Volatility widens the distribution and, under the Black-Scholes model, shifts its mode a bit. Generally speaking, increased volatility will
Increase the density in the "payoff region" for out-of-the-money options, thereby increasing their theoretical value. Assuming your option was worth 0.30 due to probabilities and not high risk-free rates $ r $, more volatility will increase its value.
Increase the density in the "no-payoff region" for in-the-money options, thereby decreasing their theoretical value. An option now worth 0.70 will lose value, as the probability of ending outside the payoff region is increased.

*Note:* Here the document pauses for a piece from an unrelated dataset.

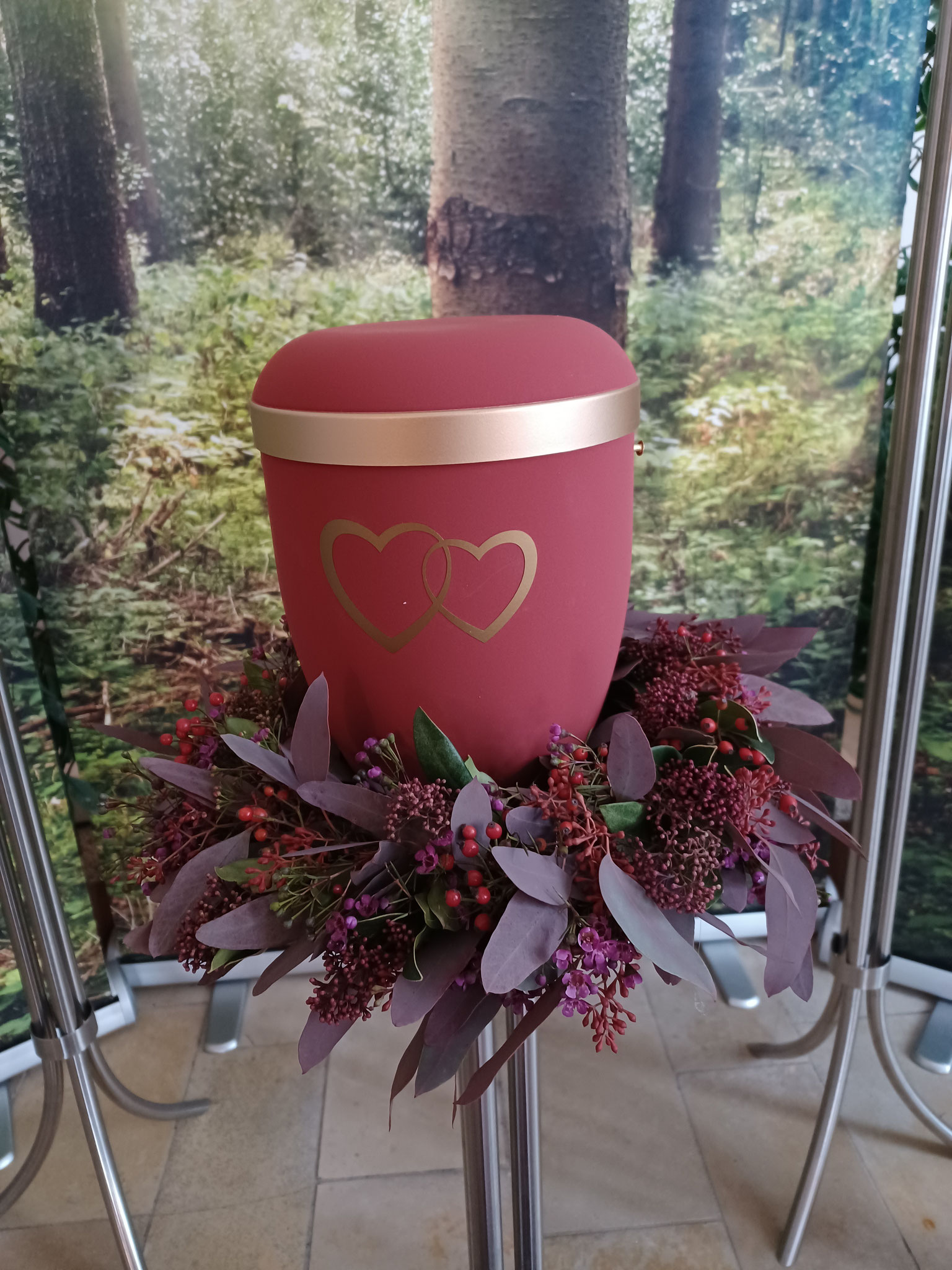 Urne in matter Optik in der Friedhofshalle Krugzell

As volatility $\sigma$ approaches $ \infty $, all option prices converge toward 0 for calls and 1 for puts. In Black-Scholes land, even though the term $ \frac{\log(S_0/K)}{\sigma \sqrt{T}} \to 0$ and the probability distribution is spreading out all the way to infinity on the positive as well as negative side of the exponential of its distribution, it concentrates lognormally on values less than any finite strike.
Therefore, out-of-the-money calls will take on a maximum value at some volatility that concentrates as much probability as possible below the strike before concentrating the distribution too close to zero.
Edit: A huge thank-you to @Veeken to pointing out that it is out-of-the-money calls, rather than puts, which take on a maximum theoretical value.